When asked what made the singles stand out apart from the rest of the album, Aaron revealed the success behind “Sail” was sort of an accident. After a radio programmer had plugged the single into rotation, people began calling in and it wasn’t long before “Sail” took off and became a hot tune to remix. So much in fact that last year, Red Bull Records released the album, RE/Sail, consisting of nine remixed versions of the song.
Now that AWOLNATION are working on their upcoming album due sometime next year, I wanted to know where the bar stands for new music. “It sets it extremely high, but I never really thought that way about writing, so you know if the next record doesn’t have a song that’s as big as “Sail” that’s fine too.

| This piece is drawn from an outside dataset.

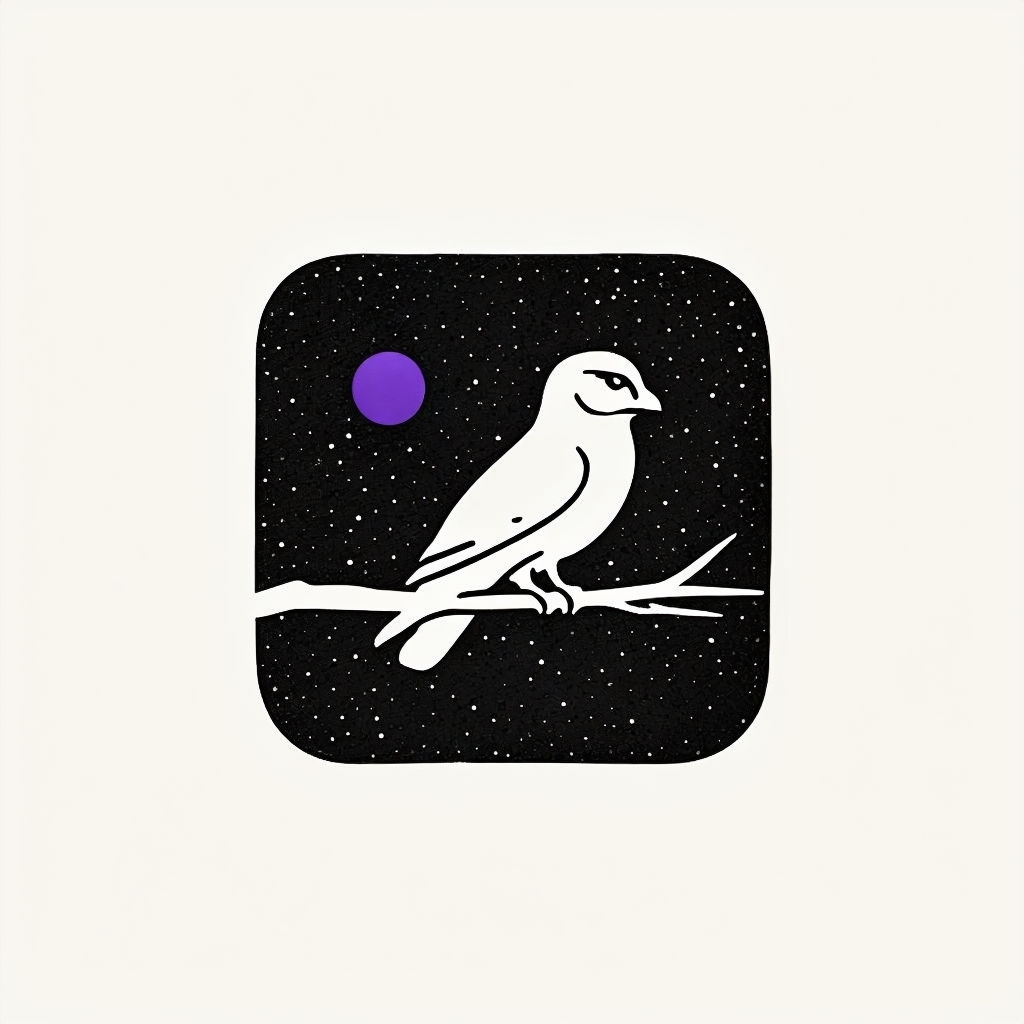 Minimalist Cosmic Bird Silhouette in Starry Square T-Shirt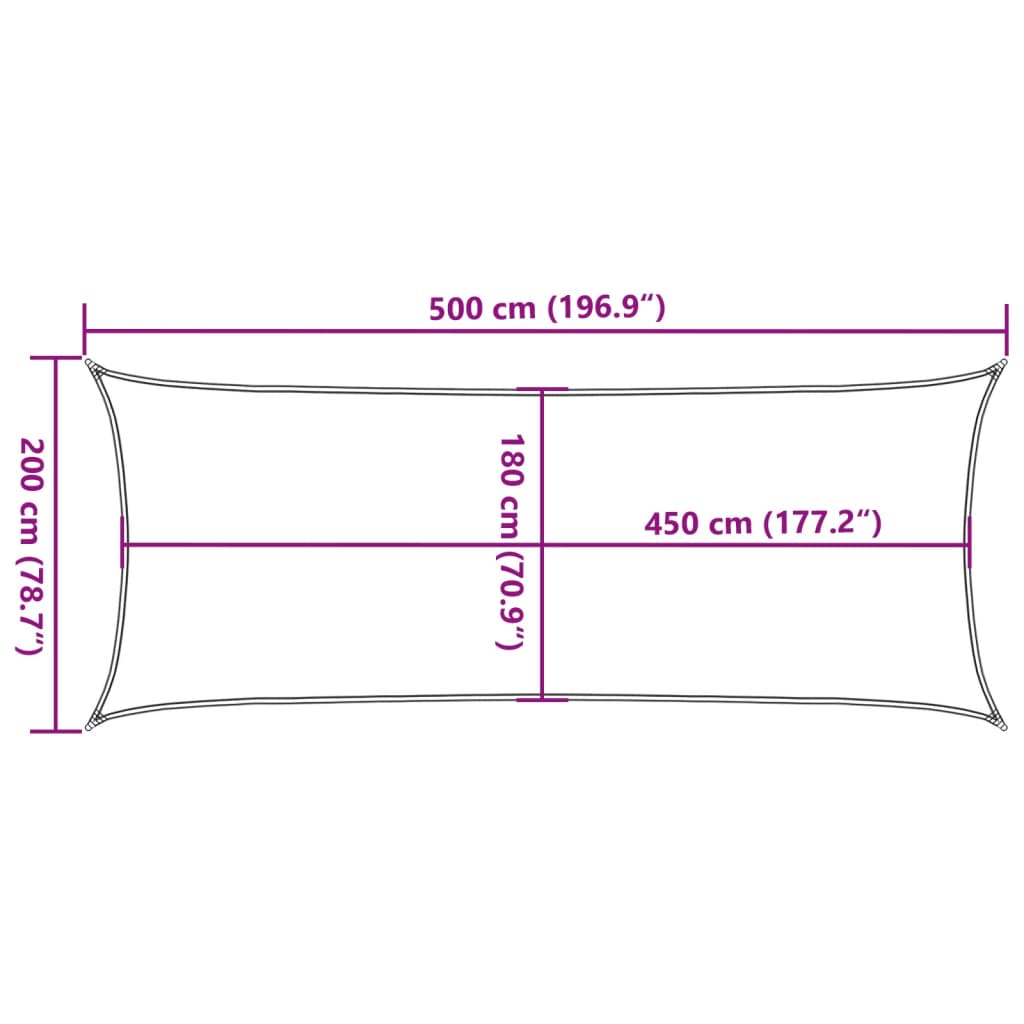Zonnezeil 160 g/m² 2x5 m HDPE antracietkleurig – afbeelding 10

Just write the best songs I can write and try to make it make sense,” said Aaron. As for what to expect on the album, the singer explained, “I can see it not being as electronic, but then again the song I’m working on right now has plenty of electronic elements to it, I just think it’s hopefully going to be really good.”

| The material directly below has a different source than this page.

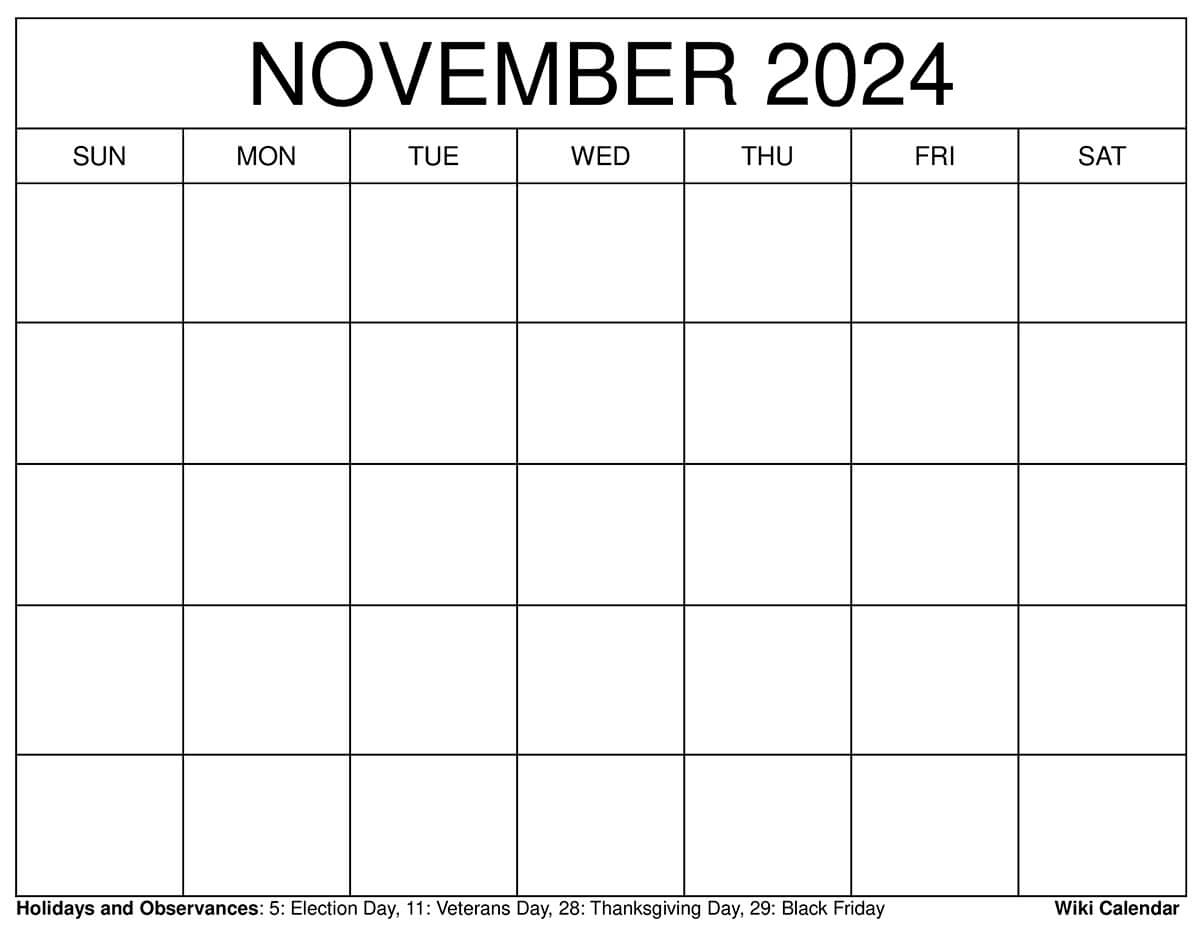 Printable November 2024 Calendar Templates With Holidays - Wiki | Calendar 2024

With only the ocean view windows providing light in the incredibly quiet, Asian-inspired backroom of the House of Blues, there was a certain calmness surrounding the singer that was almost chilling. Right before performing in front of an audience, he mentioned, “I try my best to be alone a little bit and just stay kinda calm.” As for turning up the energy on stage and keeping it going, he said, “The music provides that feel I suppose, but also the crowd and the responsibility you have that people spent their hard earned money to come to attend, so the last thing you wanna do is act like you don’t want to be there. If you’re having a bad day, you gotta figure out a way. There’s always a point in the set where something clicks and you’re reminded what all the hard work was for, a celebration of music is a great thing.”

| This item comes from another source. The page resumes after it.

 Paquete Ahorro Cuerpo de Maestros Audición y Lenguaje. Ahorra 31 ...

While currently on their 2013 Spring Tour, AWOLNATION’s hard work continues. Aaron described his constant motivation to write made creating new material the best part of being on tour. “You could write a couple songs that aren’t that great or as good as others, so you gotta have the mentality that you can always improve,” he stated.
In return, I asked what then defines a “good” song. Straightening up a bit and furrowing his brows, he replied, “It’s very complicated…I think melody is the most important thing to a great song, production is very important…the way it sounds and in the groove, it has to have that low end of course, I mean I could talk about it for an hour at least, but it starts with melody I would say.”
As for his sources of inspiration, he described, “Everybody that I’ve ever listened to, even the music I don’t care for so much has been a big influence on what not to do as well, but you know everything from Michael Jackson to Harry Nilsson to Radio Head to NWA to Nirvana, to all these hardcore bands that most people don’t know about, to just the ocean behind me right now or a conversation like this or something that could happen, so there’s no one thing.”
When it comes to overcoming obstacles, Aaron stated the biggest challenge in his career is simply getting people to listen. “It wasn’t until now that I actually had the opportunity to understand if people liked the songs or not, so that whole game, that’s the most difficult part about it all, is just getting people to even hear it to begin with. You can have the best song in the world but if no one really hears it it’s not gonna get you very far.”